Work order:
I would like each line of the data that holds the word "Cruzeiro" copied out.

Records provided:
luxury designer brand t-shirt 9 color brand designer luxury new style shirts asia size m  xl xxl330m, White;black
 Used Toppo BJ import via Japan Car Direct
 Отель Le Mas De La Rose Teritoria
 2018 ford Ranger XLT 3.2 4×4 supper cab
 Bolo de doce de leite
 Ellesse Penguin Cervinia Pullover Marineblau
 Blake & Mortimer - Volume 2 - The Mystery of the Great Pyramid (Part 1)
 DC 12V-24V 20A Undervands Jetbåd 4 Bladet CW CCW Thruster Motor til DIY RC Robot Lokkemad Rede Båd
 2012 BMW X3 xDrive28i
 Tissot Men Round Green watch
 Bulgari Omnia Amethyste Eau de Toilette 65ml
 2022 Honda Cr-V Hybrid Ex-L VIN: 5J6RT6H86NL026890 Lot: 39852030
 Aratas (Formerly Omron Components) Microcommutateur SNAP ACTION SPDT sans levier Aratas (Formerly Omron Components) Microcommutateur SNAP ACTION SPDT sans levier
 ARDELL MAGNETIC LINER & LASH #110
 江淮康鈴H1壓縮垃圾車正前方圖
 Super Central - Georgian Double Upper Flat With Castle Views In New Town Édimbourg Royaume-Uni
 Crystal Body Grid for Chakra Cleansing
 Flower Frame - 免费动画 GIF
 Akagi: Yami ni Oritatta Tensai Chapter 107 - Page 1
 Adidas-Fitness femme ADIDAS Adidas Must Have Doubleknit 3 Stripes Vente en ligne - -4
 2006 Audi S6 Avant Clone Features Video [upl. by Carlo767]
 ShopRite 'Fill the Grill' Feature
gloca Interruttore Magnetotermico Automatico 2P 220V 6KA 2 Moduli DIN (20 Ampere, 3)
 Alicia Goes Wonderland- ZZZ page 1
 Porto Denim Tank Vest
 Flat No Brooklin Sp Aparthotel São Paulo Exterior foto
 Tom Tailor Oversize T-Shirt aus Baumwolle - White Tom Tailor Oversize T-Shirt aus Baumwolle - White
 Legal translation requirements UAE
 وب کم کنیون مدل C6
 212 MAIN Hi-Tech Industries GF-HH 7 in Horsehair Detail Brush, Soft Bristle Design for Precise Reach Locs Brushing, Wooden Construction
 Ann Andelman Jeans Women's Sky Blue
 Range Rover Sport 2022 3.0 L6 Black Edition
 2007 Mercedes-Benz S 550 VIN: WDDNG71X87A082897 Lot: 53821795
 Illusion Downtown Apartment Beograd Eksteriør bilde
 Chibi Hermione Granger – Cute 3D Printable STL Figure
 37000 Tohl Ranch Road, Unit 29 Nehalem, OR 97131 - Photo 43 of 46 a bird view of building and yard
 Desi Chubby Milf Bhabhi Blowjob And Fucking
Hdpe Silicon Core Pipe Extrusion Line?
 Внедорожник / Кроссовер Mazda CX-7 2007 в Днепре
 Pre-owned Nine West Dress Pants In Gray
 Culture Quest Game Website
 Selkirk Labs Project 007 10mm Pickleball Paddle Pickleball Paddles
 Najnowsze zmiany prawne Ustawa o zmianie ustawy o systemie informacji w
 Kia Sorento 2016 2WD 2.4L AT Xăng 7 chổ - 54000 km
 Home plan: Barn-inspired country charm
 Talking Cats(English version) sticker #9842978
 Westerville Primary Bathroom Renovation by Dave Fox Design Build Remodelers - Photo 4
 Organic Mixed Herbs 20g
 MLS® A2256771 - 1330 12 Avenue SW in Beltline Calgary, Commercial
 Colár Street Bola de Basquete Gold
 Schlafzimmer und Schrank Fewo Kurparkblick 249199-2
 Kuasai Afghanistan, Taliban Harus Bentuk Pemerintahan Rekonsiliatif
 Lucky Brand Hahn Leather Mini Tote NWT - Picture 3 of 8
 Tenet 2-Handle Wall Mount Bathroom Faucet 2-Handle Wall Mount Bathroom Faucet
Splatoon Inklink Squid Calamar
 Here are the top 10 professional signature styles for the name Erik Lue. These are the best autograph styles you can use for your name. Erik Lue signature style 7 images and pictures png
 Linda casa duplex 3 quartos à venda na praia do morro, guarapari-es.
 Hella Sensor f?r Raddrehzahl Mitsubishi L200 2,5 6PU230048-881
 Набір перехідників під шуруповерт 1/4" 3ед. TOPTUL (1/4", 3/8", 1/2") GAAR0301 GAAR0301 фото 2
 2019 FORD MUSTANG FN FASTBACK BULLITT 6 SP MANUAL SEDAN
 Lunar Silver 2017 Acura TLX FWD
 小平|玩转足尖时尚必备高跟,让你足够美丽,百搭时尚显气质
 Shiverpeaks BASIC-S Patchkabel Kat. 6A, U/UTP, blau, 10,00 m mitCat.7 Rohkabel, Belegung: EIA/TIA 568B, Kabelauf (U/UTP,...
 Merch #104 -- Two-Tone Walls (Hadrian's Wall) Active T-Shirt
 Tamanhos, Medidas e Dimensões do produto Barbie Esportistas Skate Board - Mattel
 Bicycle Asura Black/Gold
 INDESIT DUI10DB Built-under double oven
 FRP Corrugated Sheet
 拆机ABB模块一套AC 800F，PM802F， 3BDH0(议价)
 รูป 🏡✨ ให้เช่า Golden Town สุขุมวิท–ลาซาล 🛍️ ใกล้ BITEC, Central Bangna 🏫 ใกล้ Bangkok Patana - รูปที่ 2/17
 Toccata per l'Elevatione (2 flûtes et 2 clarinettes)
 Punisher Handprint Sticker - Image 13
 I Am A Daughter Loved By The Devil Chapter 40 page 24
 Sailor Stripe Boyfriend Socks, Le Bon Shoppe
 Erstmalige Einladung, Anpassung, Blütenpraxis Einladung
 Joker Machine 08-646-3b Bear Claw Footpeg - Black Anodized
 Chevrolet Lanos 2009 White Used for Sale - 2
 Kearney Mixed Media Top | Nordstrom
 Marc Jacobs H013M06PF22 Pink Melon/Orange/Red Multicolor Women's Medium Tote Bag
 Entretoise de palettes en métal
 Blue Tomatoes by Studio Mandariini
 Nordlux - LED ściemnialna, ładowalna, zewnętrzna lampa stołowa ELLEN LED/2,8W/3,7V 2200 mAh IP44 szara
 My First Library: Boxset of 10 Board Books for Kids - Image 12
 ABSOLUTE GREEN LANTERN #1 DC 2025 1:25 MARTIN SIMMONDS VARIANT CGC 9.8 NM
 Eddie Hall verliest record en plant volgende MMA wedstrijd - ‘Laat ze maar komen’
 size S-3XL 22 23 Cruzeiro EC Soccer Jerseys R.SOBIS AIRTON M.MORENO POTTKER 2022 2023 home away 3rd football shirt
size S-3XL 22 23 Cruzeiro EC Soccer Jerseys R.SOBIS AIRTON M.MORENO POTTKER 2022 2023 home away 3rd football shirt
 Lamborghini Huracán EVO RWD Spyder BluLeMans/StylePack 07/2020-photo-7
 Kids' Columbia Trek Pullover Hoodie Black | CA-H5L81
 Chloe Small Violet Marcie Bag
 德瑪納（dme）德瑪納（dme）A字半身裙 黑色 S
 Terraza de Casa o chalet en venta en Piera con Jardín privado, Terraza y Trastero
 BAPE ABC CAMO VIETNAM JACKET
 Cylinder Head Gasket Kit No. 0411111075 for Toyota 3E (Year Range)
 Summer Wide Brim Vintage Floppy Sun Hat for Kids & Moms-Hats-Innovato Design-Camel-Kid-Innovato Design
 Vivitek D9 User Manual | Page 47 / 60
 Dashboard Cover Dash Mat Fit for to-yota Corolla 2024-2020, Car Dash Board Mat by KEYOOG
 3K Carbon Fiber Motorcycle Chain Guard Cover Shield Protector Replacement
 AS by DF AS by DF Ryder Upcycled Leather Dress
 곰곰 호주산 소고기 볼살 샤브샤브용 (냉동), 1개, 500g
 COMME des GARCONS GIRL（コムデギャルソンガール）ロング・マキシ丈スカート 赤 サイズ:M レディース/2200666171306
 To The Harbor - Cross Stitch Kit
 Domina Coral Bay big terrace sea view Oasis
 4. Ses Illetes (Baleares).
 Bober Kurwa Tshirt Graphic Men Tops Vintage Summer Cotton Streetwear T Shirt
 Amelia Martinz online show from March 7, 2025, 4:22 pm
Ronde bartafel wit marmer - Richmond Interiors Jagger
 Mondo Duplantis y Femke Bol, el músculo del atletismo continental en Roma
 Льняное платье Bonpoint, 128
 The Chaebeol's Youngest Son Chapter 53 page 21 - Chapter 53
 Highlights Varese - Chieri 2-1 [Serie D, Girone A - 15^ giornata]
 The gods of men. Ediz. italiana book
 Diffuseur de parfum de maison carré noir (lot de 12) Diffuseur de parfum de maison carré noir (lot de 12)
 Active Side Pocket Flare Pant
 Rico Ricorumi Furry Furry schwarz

Your response:
 size S-3XL 22 23 Cruzeiro EC Soccer Jerseys R.SOBIS AIRTON M.MORENO POTTKER 2022 2023 home away 3rd football shirt
size S-3XL 22 23 Cruzeiro EC Soccer Jerseys R.SOBIS AIRTON M.MORENO POTTKER 2022 2023 home away 3rd football shirt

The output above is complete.